● **Your goal**
Repeat the entries without change, omitting the pictures.

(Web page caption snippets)

★ ★ ★ ★ ★

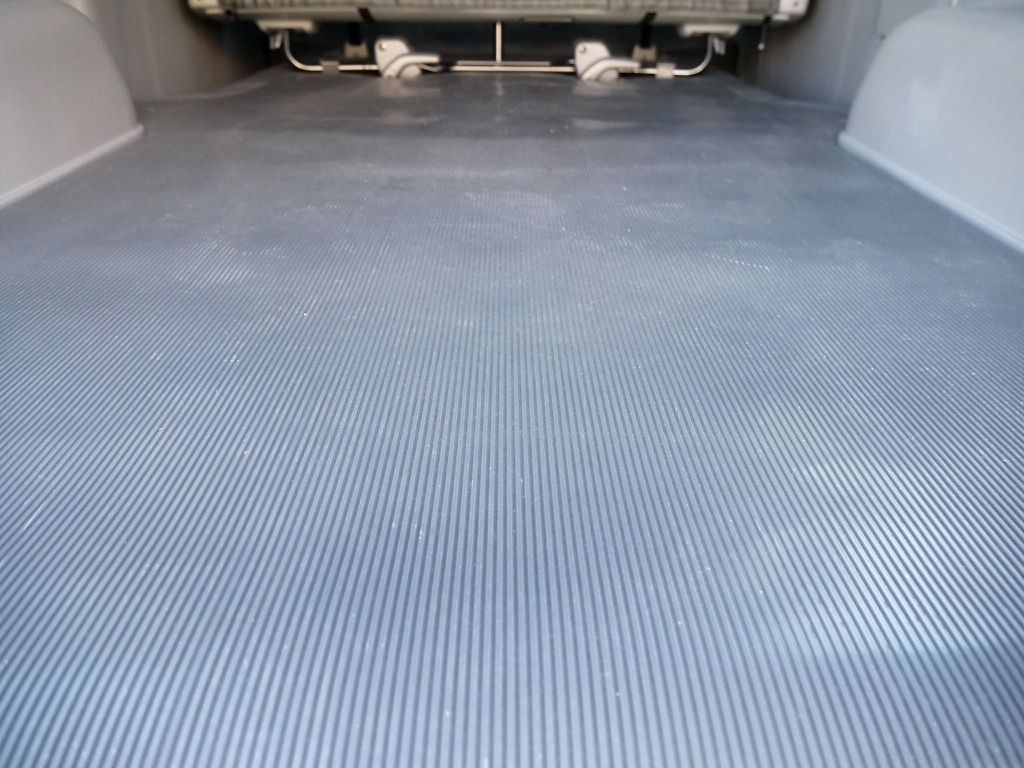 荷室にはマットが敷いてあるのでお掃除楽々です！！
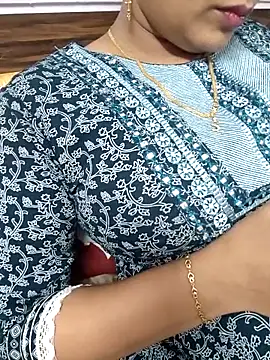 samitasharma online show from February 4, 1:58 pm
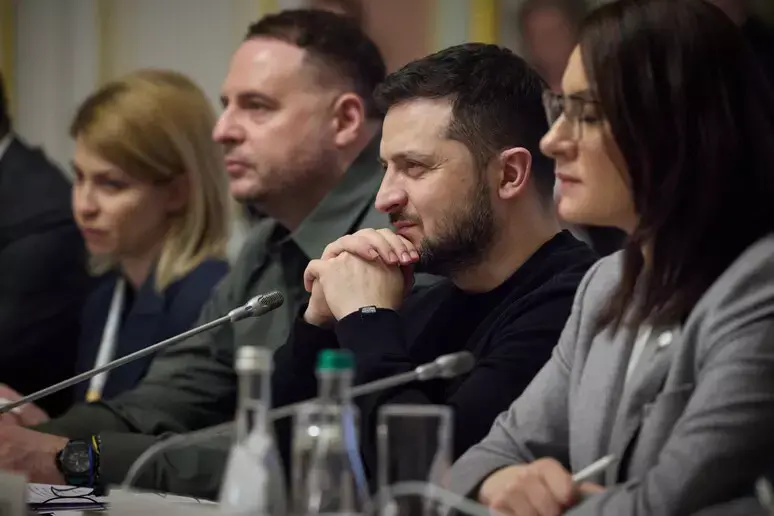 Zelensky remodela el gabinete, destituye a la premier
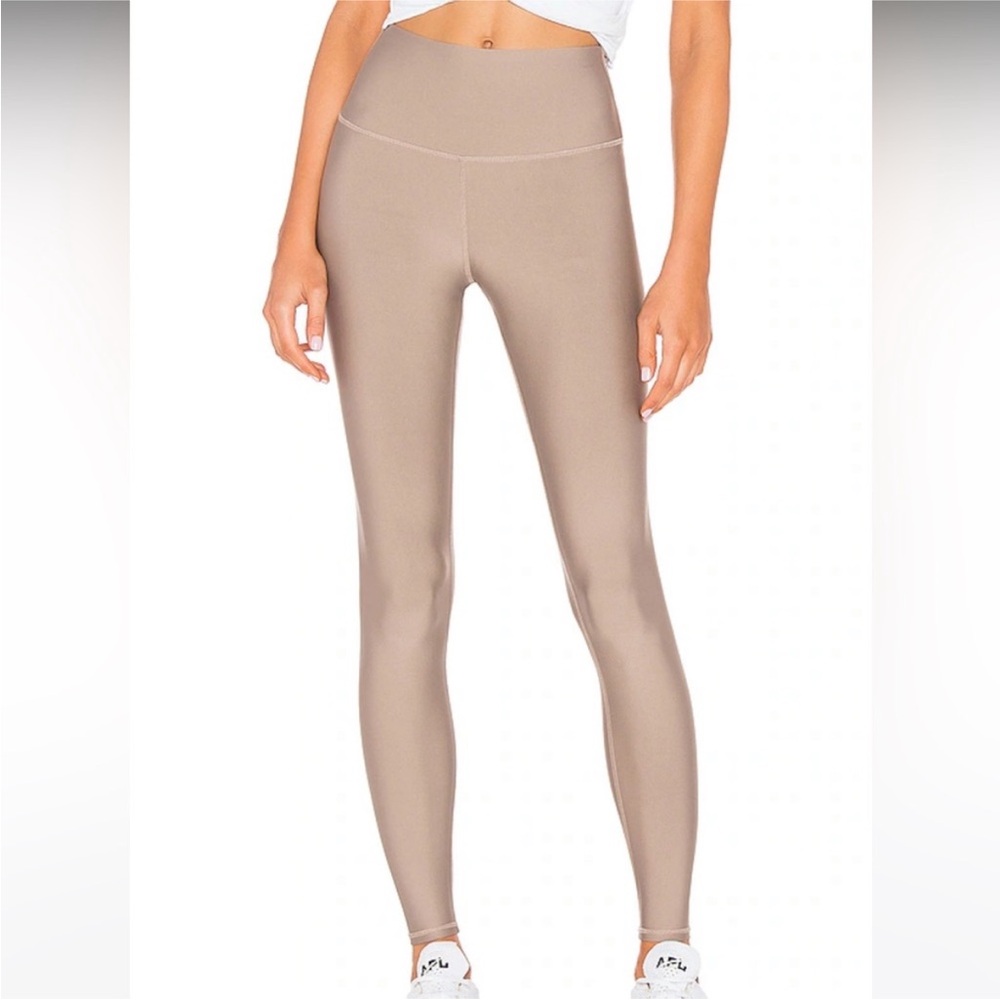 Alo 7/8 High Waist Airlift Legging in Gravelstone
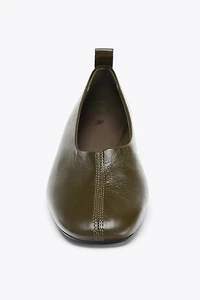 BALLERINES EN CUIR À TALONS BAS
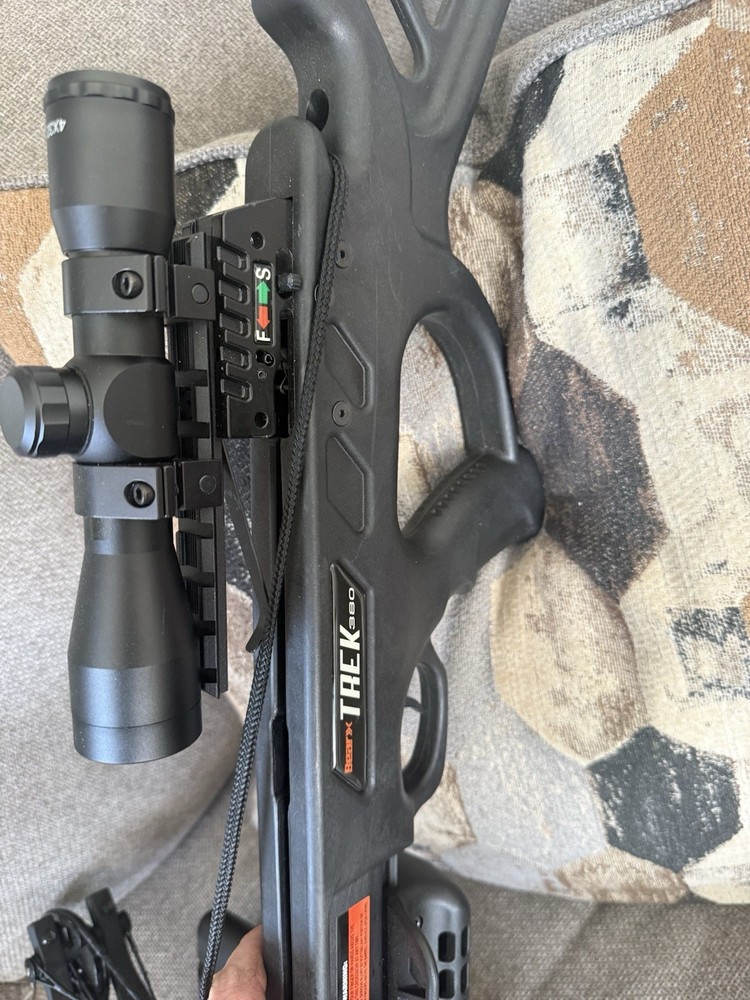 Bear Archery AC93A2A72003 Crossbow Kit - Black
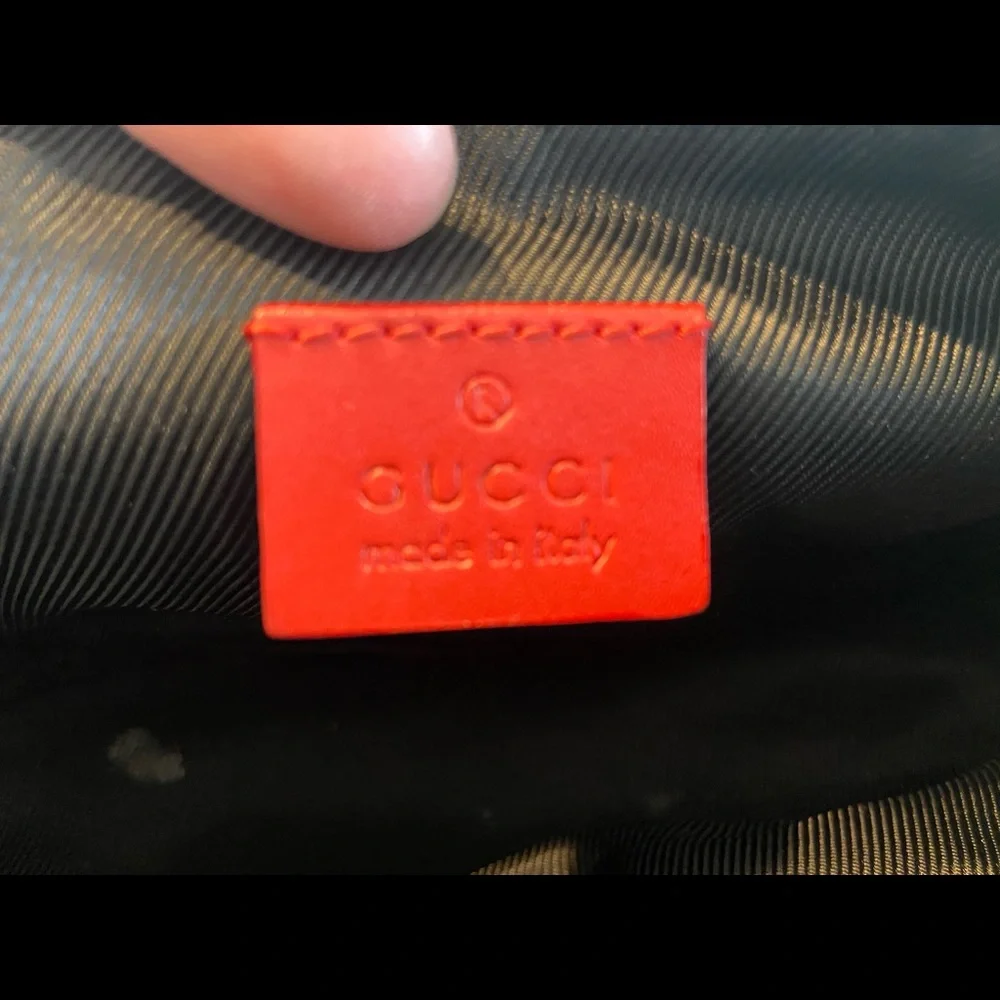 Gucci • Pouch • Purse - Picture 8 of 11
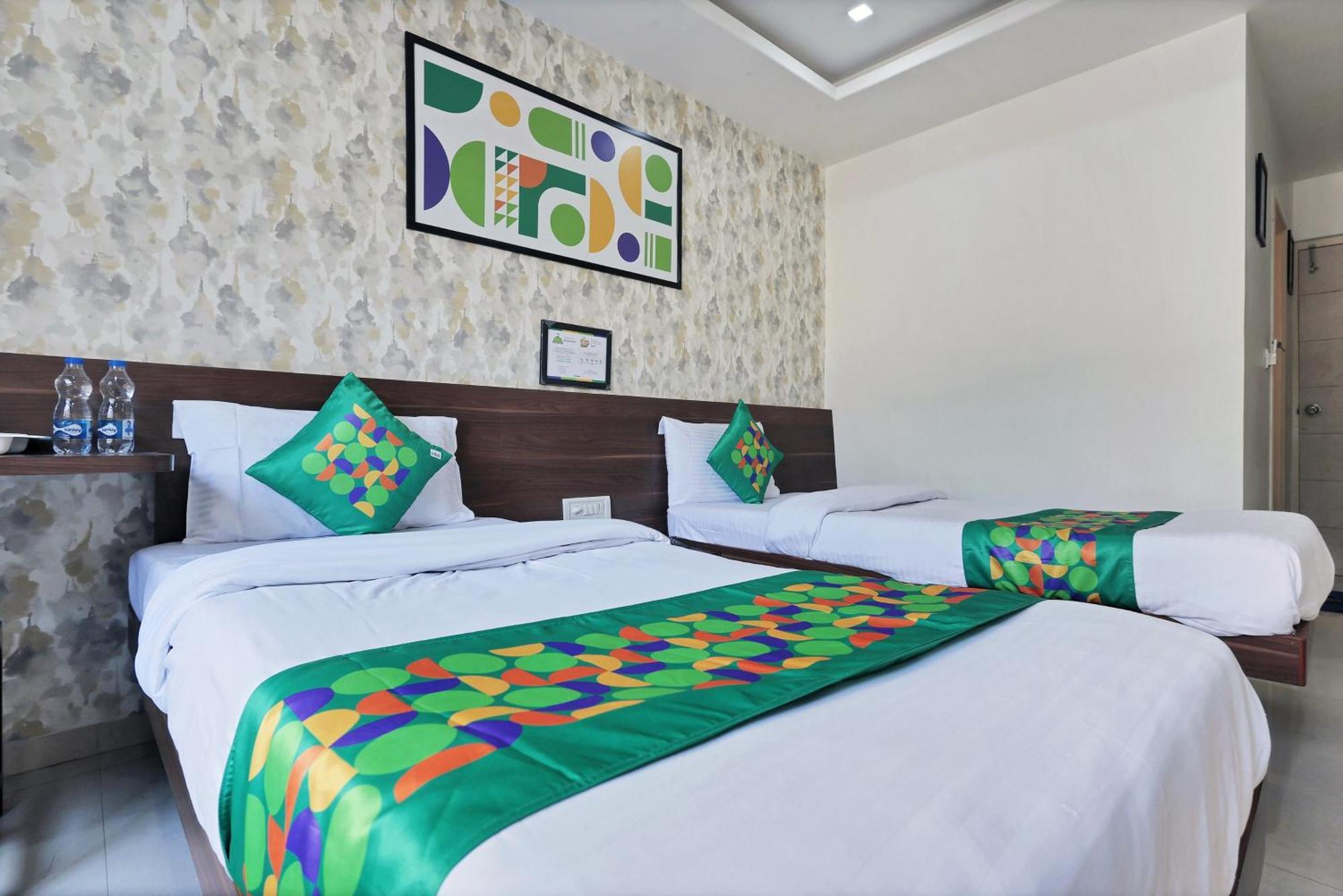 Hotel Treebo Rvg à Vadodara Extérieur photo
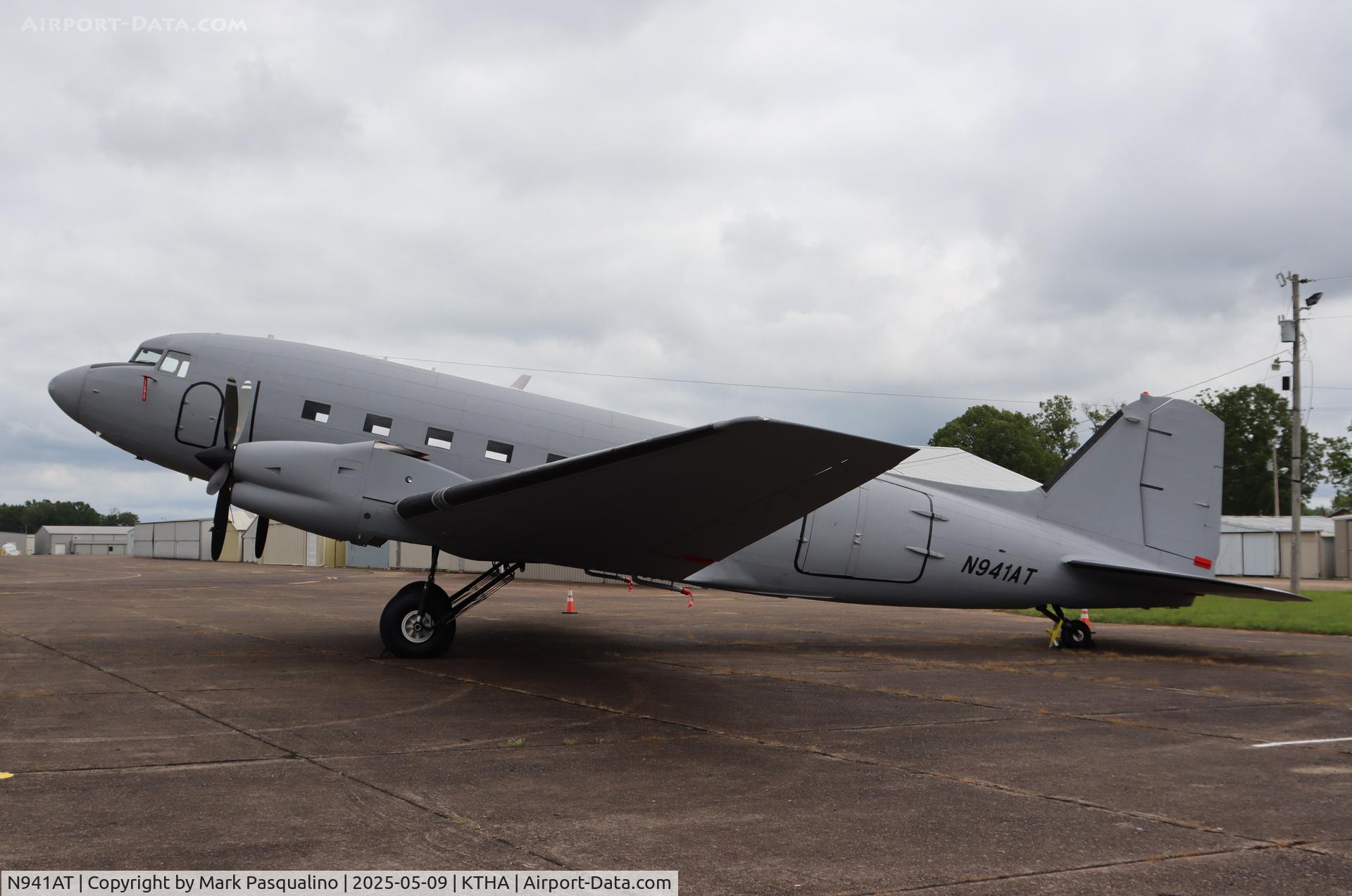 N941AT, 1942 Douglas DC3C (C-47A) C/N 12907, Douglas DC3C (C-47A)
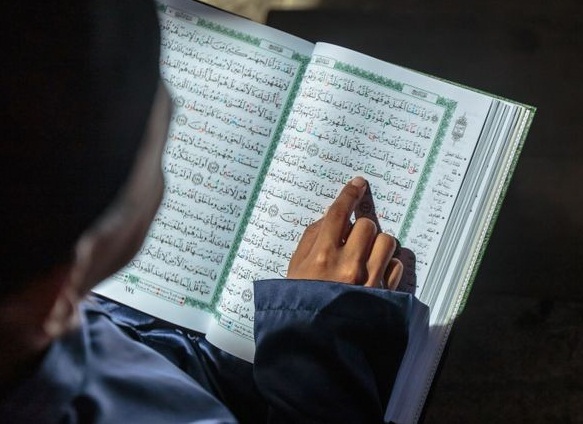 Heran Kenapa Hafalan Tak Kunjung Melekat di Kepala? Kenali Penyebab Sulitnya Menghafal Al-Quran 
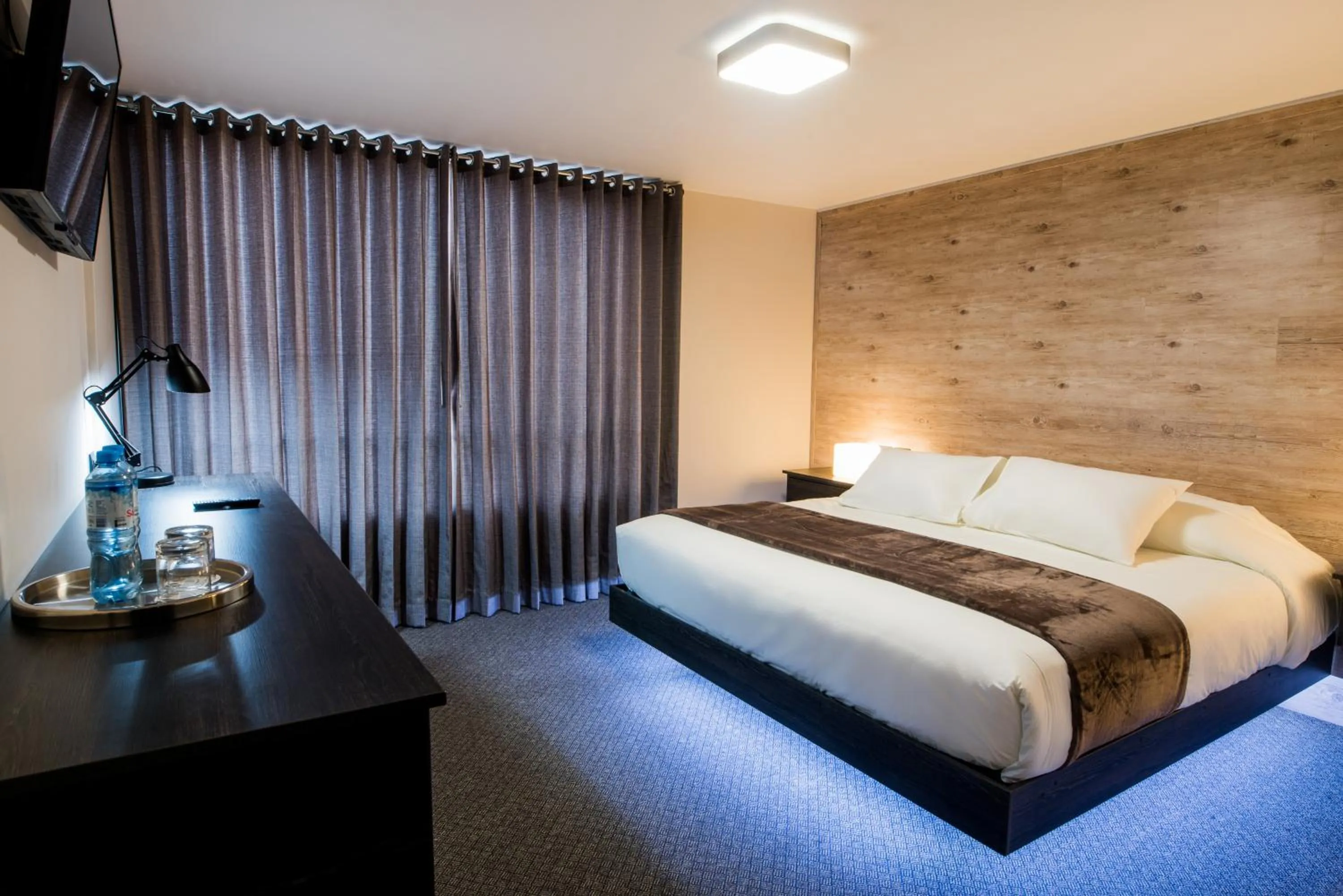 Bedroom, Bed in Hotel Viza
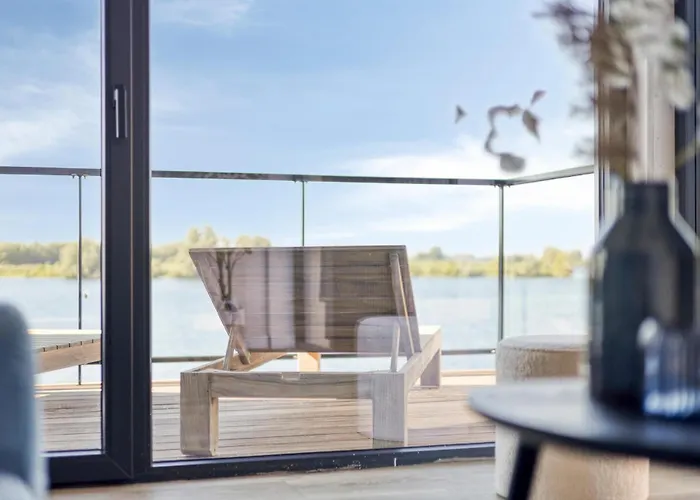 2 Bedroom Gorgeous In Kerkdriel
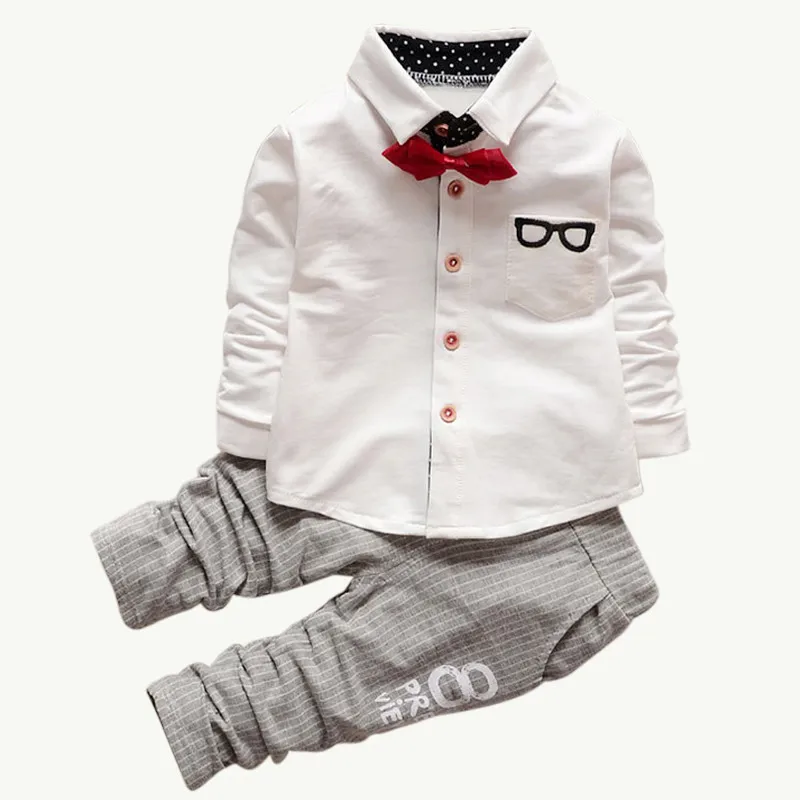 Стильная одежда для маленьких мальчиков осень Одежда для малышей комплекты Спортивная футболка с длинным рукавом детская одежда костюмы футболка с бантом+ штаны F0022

★ ★ ★ ★ ★

● **Your response**
 荷室にはマットが敷いてあるのでお掃除楽々です！！
 samitasharma online show from February 4, 1:58 pm
 Zelensky remodela el gabinete, destituye a la premier
 Alo 7/8 High Waist Airlift Legging in Gravelstone
 BALLERINES EN CUIR À TALONS BAS
 Bear Archery AC93A2A72003 Crossbow Kit - Black
 Gucci • Pouch • Purse - Picture 8 of 11
 Hotel Treebo Rvg à Vadodara Extérieur photo
 N941AT, 1942 Douglas DC3C (C-47A) C/N 12907, Douglas DC3C (C-47A)
 Heran Kenapa Hafalan Tak Kunjung Melekat di Kepala? Kenali Penyebab Sulitnya Menghafal Al-Quran 
 Bedroom, Bed in Hotel Viza
 2 Bedroom Gorgeous In Kerkdriel
 Стильная одежда для маленьких мальчиков осень Одежда для малышей комплекты Спортивная футболка с длинным рукавом детская одежда костюмы футболка с бантом+ штаны F0022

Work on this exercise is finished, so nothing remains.